- Work order:
The records below should be written out again, exactly.

[Scraped caption text data]
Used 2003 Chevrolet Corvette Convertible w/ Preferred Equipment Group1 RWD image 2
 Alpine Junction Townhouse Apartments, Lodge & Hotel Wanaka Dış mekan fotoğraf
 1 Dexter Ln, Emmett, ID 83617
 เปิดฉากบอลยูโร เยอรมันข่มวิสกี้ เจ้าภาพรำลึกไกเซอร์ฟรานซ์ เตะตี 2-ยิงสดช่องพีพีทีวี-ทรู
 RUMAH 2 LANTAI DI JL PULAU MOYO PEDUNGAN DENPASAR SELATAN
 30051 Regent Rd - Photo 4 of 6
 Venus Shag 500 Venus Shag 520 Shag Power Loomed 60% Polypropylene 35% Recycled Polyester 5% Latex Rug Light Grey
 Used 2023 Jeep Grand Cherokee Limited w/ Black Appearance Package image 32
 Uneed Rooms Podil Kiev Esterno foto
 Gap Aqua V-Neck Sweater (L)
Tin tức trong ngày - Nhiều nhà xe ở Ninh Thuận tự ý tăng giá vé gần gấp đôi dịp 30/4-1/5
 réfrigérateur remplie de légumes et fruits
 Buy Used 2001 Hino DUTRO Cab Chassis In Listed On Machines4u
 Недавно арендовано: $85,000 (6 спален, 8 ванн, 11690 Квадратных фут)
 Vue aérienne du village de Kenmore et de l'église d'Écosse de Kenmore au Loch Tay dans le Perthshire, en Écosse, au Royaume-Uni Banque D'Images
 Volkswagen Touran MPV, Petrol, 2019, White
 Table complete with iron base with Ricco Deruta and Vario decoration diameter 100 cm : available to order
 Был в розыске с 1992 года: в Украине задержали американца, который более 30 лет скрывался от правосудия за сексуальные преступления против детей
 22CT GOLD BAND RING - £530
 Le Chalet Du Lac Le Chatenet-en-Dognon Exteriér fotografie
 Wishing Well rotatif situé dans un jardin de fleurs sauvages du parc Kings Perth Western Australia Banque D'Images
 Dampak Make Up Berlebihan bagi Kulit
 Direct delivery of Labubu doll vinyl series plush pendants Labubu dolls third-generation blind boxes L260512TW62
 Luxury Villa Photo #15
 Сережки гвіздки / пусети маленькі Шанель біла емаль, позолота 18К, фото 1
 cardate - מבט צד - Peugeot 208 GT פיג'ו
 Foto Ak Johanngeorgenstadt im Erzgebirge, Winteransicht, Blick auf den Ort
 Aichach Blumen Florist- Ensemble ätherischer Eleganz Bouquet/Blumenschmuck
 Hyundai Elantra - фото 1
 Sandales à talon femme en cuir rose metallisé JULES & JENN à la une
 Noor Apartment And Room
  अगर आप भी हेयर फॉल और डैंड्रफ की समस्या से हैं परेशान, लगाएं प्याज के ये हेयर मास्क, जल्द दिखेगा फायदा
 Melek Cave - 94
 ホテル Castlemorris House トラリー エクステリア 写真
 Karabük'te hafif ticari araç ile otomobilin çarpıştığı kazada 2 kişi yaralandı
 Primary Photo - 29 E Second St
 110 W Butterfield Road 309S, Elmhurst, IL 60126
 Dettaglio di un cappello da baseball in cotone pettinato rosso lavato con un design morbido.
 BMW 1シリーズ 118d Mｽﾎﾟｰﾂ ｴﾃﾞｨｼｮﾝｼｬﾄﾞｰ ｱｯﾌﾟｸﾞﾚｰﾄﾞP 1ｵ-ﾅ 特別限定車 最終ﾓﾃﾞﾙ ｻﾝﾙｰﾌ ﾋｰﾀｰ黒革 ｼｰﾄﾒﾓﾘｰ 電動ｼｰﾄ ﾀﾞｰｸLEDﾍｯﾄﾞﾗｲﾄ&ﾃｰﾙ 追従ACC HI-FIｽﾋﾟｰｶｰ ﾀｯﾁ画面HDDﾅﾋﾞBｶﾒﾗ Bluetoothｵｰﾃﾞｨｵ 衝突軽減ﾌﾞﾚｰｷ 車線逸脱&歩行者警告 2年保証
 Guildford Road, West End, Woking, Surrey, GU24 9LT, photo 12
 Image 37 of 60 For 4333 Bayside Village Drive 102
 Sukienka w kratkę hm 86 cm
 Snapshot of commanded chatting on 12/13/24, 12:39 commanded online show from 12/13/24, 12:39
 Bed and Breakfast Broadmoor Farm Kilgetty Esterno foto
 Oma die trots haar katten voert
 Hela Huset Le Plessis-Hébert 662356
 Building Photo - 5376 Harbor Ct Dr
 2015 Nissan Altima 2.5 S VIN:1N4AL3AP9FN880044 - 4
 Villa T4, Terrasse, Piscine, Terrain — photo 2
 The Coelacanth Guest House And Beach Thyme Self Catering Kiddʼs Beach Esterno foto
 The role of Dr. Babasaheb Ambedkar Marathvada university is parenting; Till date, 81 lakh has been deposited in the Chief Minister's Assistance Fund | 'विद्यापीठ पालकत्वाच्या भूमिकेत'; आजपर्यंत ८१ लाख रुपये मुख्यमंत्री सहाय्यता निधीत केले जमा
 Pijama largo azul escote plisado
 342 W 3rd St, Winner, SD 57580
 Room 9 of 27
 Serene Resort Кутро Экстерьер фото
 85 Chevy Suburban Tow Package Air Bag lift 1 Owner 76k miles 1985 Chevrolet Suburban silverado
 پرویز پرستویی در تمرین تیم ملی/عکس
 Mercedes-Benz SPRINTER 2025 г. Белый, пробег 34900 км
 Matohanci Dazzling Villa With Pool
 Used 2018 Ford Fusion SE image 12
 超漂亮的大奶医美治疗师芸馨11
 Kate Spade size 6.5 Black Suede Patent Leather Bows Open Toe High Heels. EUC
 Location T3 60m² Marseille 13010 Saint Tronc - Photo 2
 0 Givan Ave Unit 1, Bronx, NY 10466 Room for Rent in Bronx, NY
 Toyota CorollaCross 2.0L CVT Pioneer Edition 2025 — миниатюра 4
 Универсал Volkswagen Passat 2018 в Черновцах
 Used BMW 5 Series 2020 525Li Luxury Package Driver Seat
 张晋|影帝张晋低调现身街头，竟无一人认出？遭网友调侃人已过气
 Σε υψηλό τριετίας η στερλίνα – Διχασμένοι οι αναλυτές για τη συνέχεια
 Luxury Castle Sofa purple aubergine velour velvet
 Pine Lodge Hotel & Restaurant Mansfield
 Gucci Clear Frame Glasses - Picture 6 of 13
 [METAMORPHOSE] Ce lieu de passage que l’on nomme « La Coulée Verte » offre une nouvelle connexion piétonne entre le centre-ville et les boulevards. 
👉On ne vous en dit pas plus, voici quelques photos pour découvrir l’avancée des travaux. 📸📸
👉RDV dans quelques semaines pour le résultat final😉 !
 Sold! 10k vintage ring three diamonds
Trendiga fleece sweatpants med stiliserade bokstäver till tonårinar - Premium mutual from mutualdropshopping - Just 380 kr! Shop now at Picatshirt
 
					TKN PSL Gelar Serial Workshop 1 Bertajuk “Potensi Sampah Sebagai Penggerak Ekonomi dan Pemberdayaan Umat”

- The answer:
Used 2003 Chevrolet Corvette Convertible w/ Preferred Equipment Group1 RWD image 2
 Alpine Junction Townhouse Apartments, Lodge & Hotel Wanaka Dış mekan fotoğraf
 1 Dexter Ln, Emmett, ID 83617
 เปิดฉากบอลยูโร เยอรมันข่มวิสกี้ เจ้าภาพรำลึกไกเซอร์ฟรานซ์ เตะตี 2-ยิงสดช่องพีพีทีวี-ทรู
 RUMAH 2 LANTAI DI JL PULAU MOYO PEDUNGAN DENPASAR SELATAN
 30051 Regent Rd - Photo 4 of 6
 Venus Shag 500 Venus Shag 520 Shag Power Loomed 60% Polypropylene 35% Recycled Polyester 5% Latex Rug Light Grey
 Used 2023 Jeep Grand Cherokee Limited w/ Black Appearance Package image 32
 Uneed Rooms Podil Kiev Esterno foto
 Gap Aqua V-Neck Sweater (L)
Tin tức trong ngày - Nhiều nhà xe ở Ninh Thuận tự ý tăng giá vé gần gấp đôi dịp 30/4-1/5
 réfrigérateur remplie de légumes et fruits
 Buy Used 2001 Hino DUTRO Cab Chassis In Listed On Machines4u
 Недавно арендовано: $85,000 (6 спален, 8 ванн, 11690 Квадратных фут)
 Vue aérienne du village de Kenmore et de l'église d'Écosse de Kenmore au Loch Tay dans le Perthshire, en Écosse, au Royaume-Uni Banque D'Images
 Volkswagen Touran MPV, Petrol, 2019, White
 Table complete with iron base with Ricco Deruta and Vario decoration diameter 100 cm : available to order
 Был в розыске с 1992 года: в Украине задержали американца, который более 30 лет скрывался от правосудия за сексуальные преступления против детей
 22CT GOLD BAND RING - £530
 Le Chalet Du Lac Le Chatenet-en-Dognon Exteriér fotografie
 Wishing Well rotatif situé dans un jardin de fleurs sauvages du parc Kings Perth Western Australia Banque D'Images
 Dampak Make Up Berlebihan bagi Kulit
 Direct delivery of Labubu doll vinyl series plush pendants Labubu dolls third-generation blind boxes L260512TW62
 Luxury Villa Photo #15
 Сережки гвіздки / пусети маленькі Шанель біла емаль, позолота 18К, фото 1
 cardate - מבט צד - Peugeot 208 GT פיג'ו
 Foto Ak Johanngeorgenstadt im Erzgebirge, Winteransicht, Blick auf den Ort
 Aichach Blumen Florist- Ensemble ätherischer Eleganz Bouquet/Blumenschmuck
 Hyundai Elantra - фото 1
 Sandales à talon femme en cuir rose metallisé JULES & JENN à la une
 Noor Apartment And Room
  अगर आप भी हेयर फॉल और डैंड्रफ की समस्या से हैं परेशान, लगाएं प्याज के ये हेयर मास्क, जल्द दिखेगा फायदा
 Melek Cave - 94
 ホテル Castlemorris House トラリー エクステリア 写真
 Karabük'te hafif ticari araç ile otomobilin çarpıştığı kazada 2 kişi yaralandı
 Primary Photo - 29 E Second St
 110 W Butterfield Road 309S, Elmhurst, IL 60126
 Dettaglio di un cappello da baseball in cotone pettinato rosso lavato con un design morbido.
 BMW 1シリーズ 118d Mｽﾎﾟｰﾂ ｴﾃﾞｨｼｮﾝｼｬﾄﾞｰ ｱｯﾌﾟｸﾞﾚｰﾄﾞP 1ｵ-ﾅ 特別限定車 最終ﾓﾃﾞﾙ ｻﾝﾙｰﾌ ﾋｰﾀｰ黒革 ｼｰﾄﾒﾓﾘｰ 電動ｼｰﾄ ﾀﾞｰｸLEDﾍｯﾄﾞﾗｲﾄ&ﾃｰﾙ 追従ACC HI-FIｽﾋﾟｰｶｰ ﾀｯﾁ画面HDDﾅﾋﾞBｶﾒﾗ Bluetoothｵｰﾃﾞｨｵ 衝突軽減ﾌﾞﾚｰｷ 車線逸脱&歩行者警告 2年保証
 Guildford Road, West End, Woking, Surrey, GU24 9LT, photo 12
 Image 37 of 60 For 4333 Bayside Village Drive 102
 Sukienka w kratkę hm 86 cm
 Snapshot of commanded chatting on 12/13/24, 12:39 commanded online show from 12/13/24, 12:39
 Bed and Breakfast Broadmoor Farm Kilgetty Esterno foto
 Oma die trots haar katten voert
 Hela Huset Le Plessis-Hébert 662356
 Building Photo - 5376 Harbor Ct Dr
 2015 Nissan Altima 2.5 S VIN:1N4AL3AP9FN880044 - 4
 Villa T4, Terrasse, Piscine, Terrain — photo 2
 The Coelacanth Guest House And Beach Thyme Self Catering Kiddʼs Beach Esterno foto
 The role of Dr. Babasaheb Ambedkar Marathvada university is parenting; Till date, 81 lakh has been deposited in the Chief Minister's Assistance Fund | 'विद्यापीठ पालकत्वाच्या भूमिकेत'; आजपर्यंत ८१ लाख रुपये मुख्यमंत्री सहाय्यता निधीत केले जमा
 Pijama largo azul escote plisado
 342 W 3rd St, Winner, SD 57580
 Room 9 of 27
 Serene Resort Кутро Экстерьер фото
 85 Chevy Suburban Tow Package Air Bag lift 1 Owner 76k miles 1985 Chevrolet Suburban silverado
 پرویز پرستویی در تمرین تیم ملی/عکس
 Mercedes-Benz SPRINTER 2025 г. Белый, пробег 34900 км
 Matohanci Dazzling Villa With Pool
 Used 2018 Ford Fusion SE image 12
 超漂亮的大奶医美治疗师芸馨11
 Kate Spade size 6.5 Black Suede Patent Leather Bows Open Toe High Heels. EUC
 Location T3 60m² Marseille 13010 Saint Tronc - Photo 2
 0 Givan Ave Unit 1, Bronx, NY 10466 Room for Rent in Bronx, NY
 Toyota CorollaCross 2.0L CVT Pioneer Edition 2025 — миниатюра 4
 Универсал Volkswagen Passat 2018 в Черновцах
 Used BMW 5 Series 2020 525Li Luxury Package Driver Seat
 张晋|影帝张晋低调现身街头，竟无一人认出？遭网友调侃人已过气
 Σε υψηλό τριετίας η στερλίνα – Διχασμένοι οι αναλυτές για τη συνέχεια
 Luxury Castle Sofa purple aubergine velour velvet
 Pine Lodge Hotel & Restaurant Mansfield
 Gucci Clear Frame Glasses - Picture 6 of 13
 [METAMORPHOSE] Ce lieu de passage que l’on nomme « La Coulée Verte » offre une nouvelle connexion piétonne entre le centre-ville et les boulevards. 
👉On ne vous en dit pas plus, voici quelques photos pour découvrir l’avancée des travaux. 📸📸
👉RDV dans quelques semaines pour le résultat final😉 !
 Sold! 10k vintage ring three diamonds
Trendiga fleece sweatpants med stiliserade bokstäver till tonårinar - Premium mutual from mutualdropshopping - Just 380 kr! Shop now at Picatshirt
 
					TKN PSL Gelar Serial Workshop 1 Bertajuk “Potensi Sampah Sebagai Penggerak Ekonomi dan Pemberdayaan Umat”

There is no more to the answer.